Book Synopsis The Cambridge Paperback Guide to Literature in English by : Ian Ousby
Download or read book The Cambridge Paperback Guide to Literature in English written by Ian Ousby and published by Cambridge University Press. This book was released on 1996-02-23 with total page 452 pages. Available in PDF, EPUB and Kindle. Book excerpt: Derived from the parent Guide to Literature in English, this volume offers in concise form over 4,000 entries on literature in English from cultures throughout the world. Writers and major works from the UK and the USA are represented, as are those from Canada, the Caribbean, Australia, India, and Africa. The coverage is broad - from the classics of English literature to the best of modern writing. Additionally, the Guide has a wealth of entries on literary movements, groups or schools in literature and criticism, literary magazines, genres and sub-genres, critical concepts, and rhetorical terms.
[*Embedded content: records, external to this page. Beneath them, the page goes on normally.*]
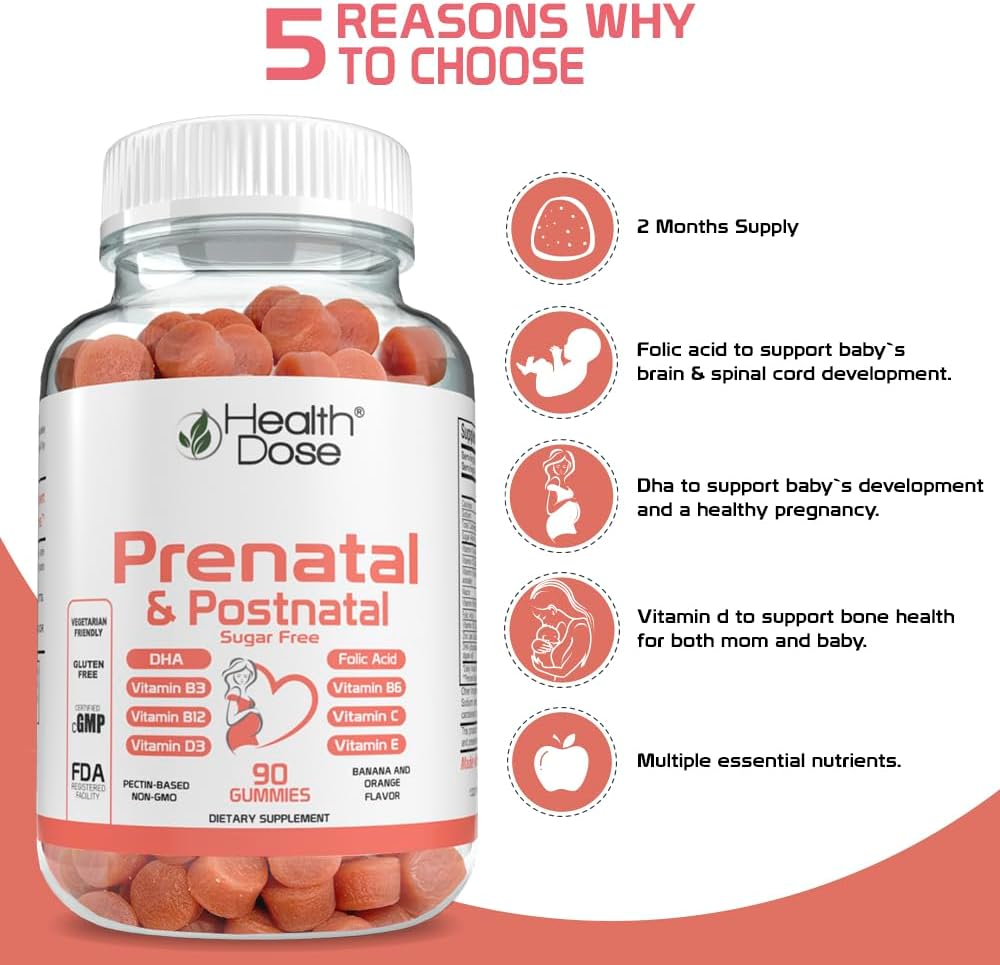 Health Dose Complejo Prenatal/Postnatal, Gominolas con Vitamina B6, B12, C, Zinc, 90 unidades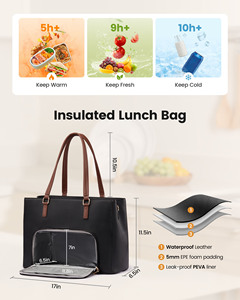 Sac à déjeuner LOVEVOOK <span class=keywords><strong>pour</strong></span> femmes, 3 en 1, sac de travail de bureau avec compartiment isotherme <span class=keywords><strong>pour</strong></span> le déjeuner, sac <span class=keywords><strong>pour</strong></span> ordinateur portable de 17,3 pouces <span class=keywords><strong>pour</strong></span> femmes - Product Image 3
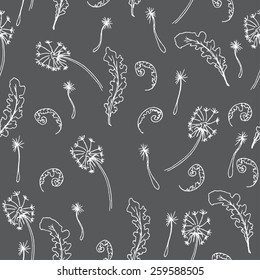 hand drawn seamless pattern with flowers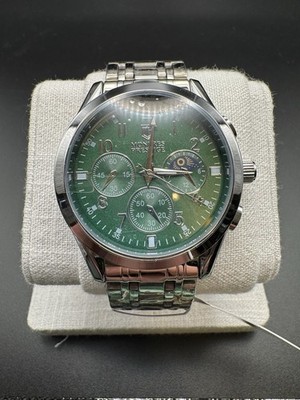 Montres Prestige MPW-0049 Men s Green Dial Multifunction Stainless Steel Watch
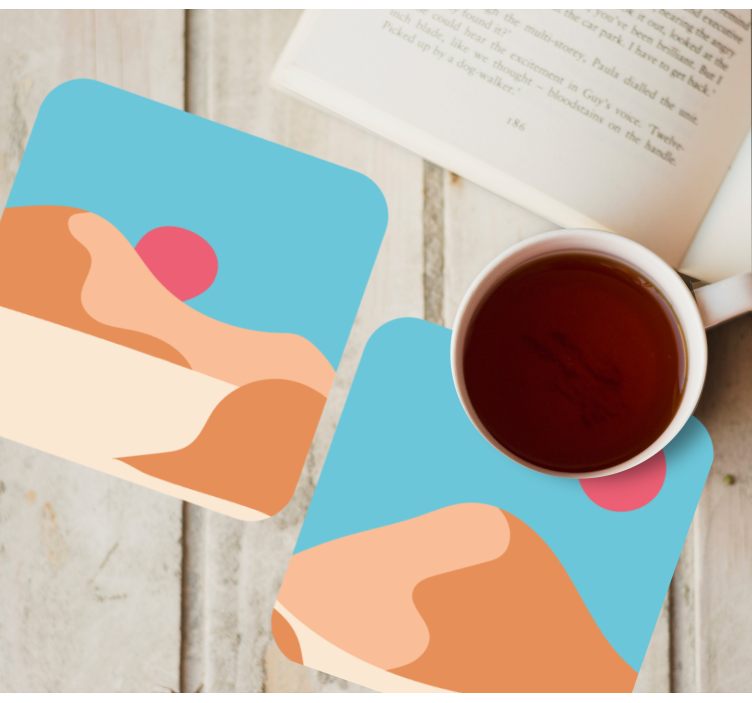 Modern coasters stylized desert landscape design - TenStickers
Book Synopsis Columbia Dictionary of Modern European Literature by : Jean Albert Bédé
Download or read book Columbia Dictionary of Modern European Literature written by Jean Albert Bédé and published by Columbia University Press. This book was released on 1980 with total page 932 pages. Available in PDF, EPUB and Kindle. Book excerpt: With more than 1800 critical entries on the writers and literatures of 33 languages, this work presents the entire range of modern European writing -- from the symbolist and modernist works rooted in the last decades of the nineteenth century; through the avant-garde and existentialist movement to Barthes, Blanchot, Breton, and continental thought pertinent today.